How do I know if the Will is valid?
If the deceased did not make adequate provision in their Will for close family members, or if there is any doubt over the validity of the Will, it is possible that the Will may be challenged or a claim under the Inheritance (Provision for Family and Dependants) Act 1975 may be made. Legal advice should be obtained. The Executor’s legal expenses can usually be deducted from the assets in the estate.
The legal requirements for a Will to be valid are set out in the Wills Act 1837. For a will to be valid:
- it must be in writing, signed by the person making the Will (called a testator or testatrix), and witnessed by two people
- The testator must have the mental capacity to make the Will and understand the effect it will have at the time of making the Will
- The testator must have made the Will voluntarily and without pressure from anyone else.
- The beginning of the Will should state that it revokes all others.
What happens if there is no Will?
Where a person dies without a Will, or the Will is invalid, they die intestate. There are legal rules that dictate who can apply for a Grant. Where there is no valid Will, the Grant is known as a Grant of Letters of Administration. The person dealing with the estate is called an administrator or personal representative. The law also dictates who benefits from the deceased’s estate. You can see a visual representation of these rules in our blog post: What happens if you die without a Will? The duties are very similar to those of executors.

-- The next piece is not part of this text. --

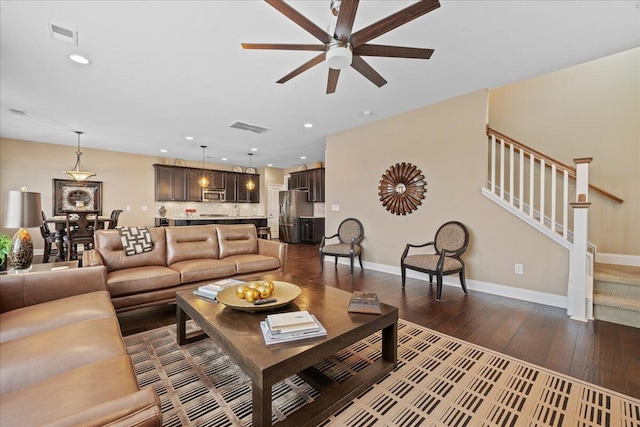 living area featuring dark wood-style flooring, recessed lighting, visible vents, baseboards, and stairs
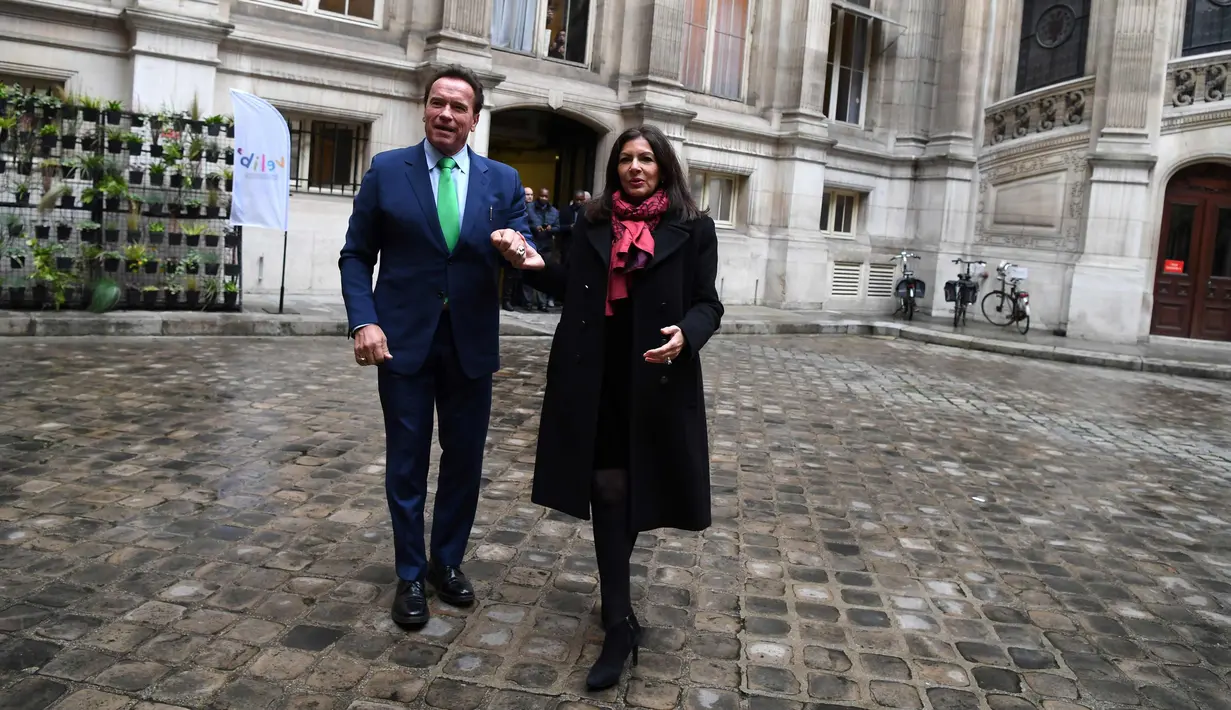 Gubernur California ke-38, Arnold Schwarzenegger menggandeng Walikota Paris, Anne HIdalgo di Paris (11/12). Schwarzenegger berada di Paris untuk menghadiri pertemuan puncak iklim One Planet. (AFP Photo / Alain Jocard)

- Beneficiary – a person who benefits from a gift in a Will or from a trust.
- Capital Gains Tax – a tax paid when capital assets (eg, shares, houses, land, unit trusts) are disposed of. Capital Gains Tax may be payable on assets that are sold during the administration of a deceased’s estate.
- Deed of Variation – a legal instrument agreed by beneficiaries that changes the distribution of the estate.
- Estate – the money, land, investments, personal belongings, owned by a person when they die.
- Executor – a person named in a Will to carry out the instructions in the Will for distribution of the estate.
- Grant of Probate – the document giving authority to a named executor to collect the estate and distribute it as set out in the Will.
- Inheritance Tax – The tax payable on a personal estate valued at more than £325,000. Inheritance tax forms must be completed for any estate with a gross value of more than £325,000. The Inheritance tax rate is currently 40% (April 2021).
- Intestacy – dying without a Will.
- Testator/Testatrix – a person making a Will.
- Trustee – a person named in a Will or other Trust document to hold money or assets for a specified period on behalf of beneficiaries. Executors may also be appointed as trustees in Wills especially where money is to be held on behalf of children who are too young to inherit money directly, or where a trust exists to protect a property or other assets.